Der Vorfall passte zu einem Tag von Bemühungen, in den von den Palästinensern selbst verwalteten Gebieten des Westjordanlandes Brandenburgs Flagge zu zeigen. Einer Universität in Ramallah wurden, wie berichtet, Telekommunikationsgeräte übergeben, die es Studenten erleichtern sollen, auch von zu Hause Vorlesungen zu verfolgen. Das in Potsdam ansässige Hasso-Plattner-Institut kündigte an, einen weiteren Doktoranden aus Palästina zu fördern. Brandenburgs Polizei fährt fort mit dem Hilfseinsatz eines seiner höheren Polizeioffiziere.
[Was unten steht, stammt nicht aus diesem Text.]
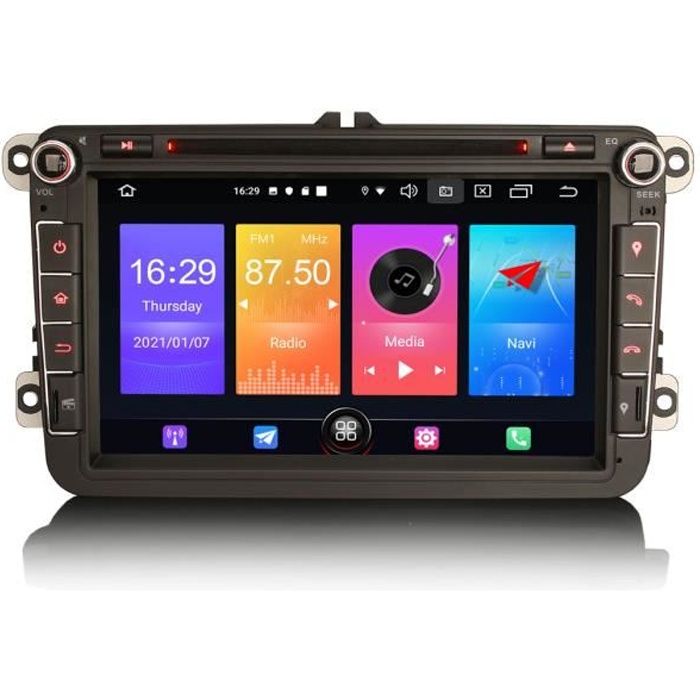 Autoradio 8 -Android 10 DAB + DSP GPS Navi pour VW Passat Golf 5 Sharan T5 Polo MK5 Seat Roomster Octavia Jetta Tiguan Touran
Und in der Stadt Jenin konzentrieren sich die Anstrengungen der Medienwirtschaft von Berlin-Brandenburg auf die Wiedereröffnung des lokalen Kinos. Insbesondere dies verspricht nachhaltige Folgen. Unter begeisterter Anteilnahme der lokalen Würdenträger wurde erstmals seit Jahrzehnten in der Stadt wieder ein Film auf Großleinwand gezeigt. Ein Solarunternehmer aus Wustermark, der eine Anlage für das Kino gespendet hatte, ließ sich gar zu dem Ausruf „Palästinenser zur Sonne zur Freiheit!“ hinreißen – unter Beifall. Platzeck hielt sich zur Freude der deutschen Diplomaten zurück und streng an die Vorgabe, als Ministerpräsident jede Einmischung in die Außenpolitik zu vermeiden. „Wir haben Wort gehalten“, sagte er nur immer wieder und wertete dann die bescheidenen Geschenke zu herausragenden Spitzenleistungen auf. Die mitgereisten deutschen Unternehmer waren von den Aussichten auf erfolgreiche Geschäfte in palästinensischen Territorien eher enttäuscht. Nur selten trafen sie auf Gesprächspartner, die konkrete Vorstellungen hatten.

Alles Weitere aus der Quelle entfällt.